The Board Issues a Supplemental Notice of Proposed Rulemaking on Demurrage Billing Requirements

            In addition to the final rule regarding direct demurrage billing, explained above, on April 30 the Board also issued a Supplemental Notice of Proposed Rulemaking (SNPRM) in Ex Parte 759 requesting comment on modifications and additions to the minimum information requirements proposed in the Notice of Proposed Rulemaking (NPRM) in this proceeding.  Demurrage Billing Requirements Supplemental Notice of Proposed Rulemaking, EP 759 (STB served April 30, 2020).

            In October 2019, the Board issued an NPRM in this proceeding “to propose changes to its existing demurrage regulations to address several issues regarding carriers’ demurrage billing practices.”  Id., slip op. at 1.  The NPRM proposed requirements for minimum information to be included on or with Class I rail carriers’ demurrage invoices.  Id., slip op. at 2.  The NPRM also proposed requiring Class I carriers to directly bill a shipper for demurrage when the shipper and warehouseman agree to such an arrangement.  Id.  Based on the comments received on the NPRM, the Board decided to issue a final rule regarding the direct billing requirement and an SNPRM regarding the minimum information on demurrage invoices proposal.  Id., slip op. at 2-3.

            Specifically, the NPRM proposed the inclusion of the following information on or with invoices:

  • the unique identifying information (e.g., reporting marks and number) of each car involved;
  • the following shipment information, where applicable:
    • the date the waybill was created;
    • the status of each car as loaded or empty;
    • the commodity being shipped (if the car is loaded);
    • the identity of the shipper, consignee, and/or care-of party, as applicable; and
    • the origin station and state of the shipment;
  • the dates and times of:
    • actual placement of each car;
    • constructive placement of each car (if applicable and different from actual placement);
    • notification of constructive placement to the shipper, consignee, or third-party intermediary (if applicable); and
    • release of each car; and
  • the number of credits and debits attributable to each car (if applicable).
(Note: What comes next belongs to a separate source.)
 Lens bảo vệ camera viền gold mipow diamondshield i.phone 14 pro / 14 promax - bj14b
Id., slip op. at 3-4.  In the NPRM, the Board also proposed requiring that, prior to sending demurrage invoices, Class I carriers “take ‘appropriate action to ensure that the demurrage charges are accurate and warranted, consistent with the purpose of demurrage.’”  Id., slip op. at 4 (quoting NPRM, slip op. at 10). 
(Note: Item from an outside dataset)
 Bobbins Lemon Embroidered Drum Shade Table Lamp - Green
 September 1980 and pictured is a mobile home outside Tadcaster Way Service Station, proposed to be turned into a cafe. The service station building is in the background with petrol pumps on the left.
            In this SNPRM, the Board proposed to require the following additional information on or with demurrage invoices:

  1. the date range (i.e., the billing cycle) covered by the invoice;
  2. the original estimated date and time of arrival (ETA) of each car (as established by the invoicing carrier) and the date and time each car was received at interchange (if applicable), either on or with each invoice or, alternatively, upon reasonable request from the invoiced party; and
  3. the date and time of each car ordered in (if applicable).

Id., slip op. at 5.  In the SNPRM, the Board also stated that it is considering “requiring that Class I carriers provide access to demurrage invoicing data in machine-readable format.”  Id.  The Board requested comment on these additional proposed requirements.

            In addition, the Board in the SNPRM requested further comment “from the Class I carriers regarding what actions they currently take, and from all stakeholders on what actions Class I carriers reasonably should be required to take, to ensure that demurrage invoices are accurate and warranted.”  Id., slip op. at 11.

            Comments on this SNPRM were due on June 5, 2020.  Replies are due July 6, 2020.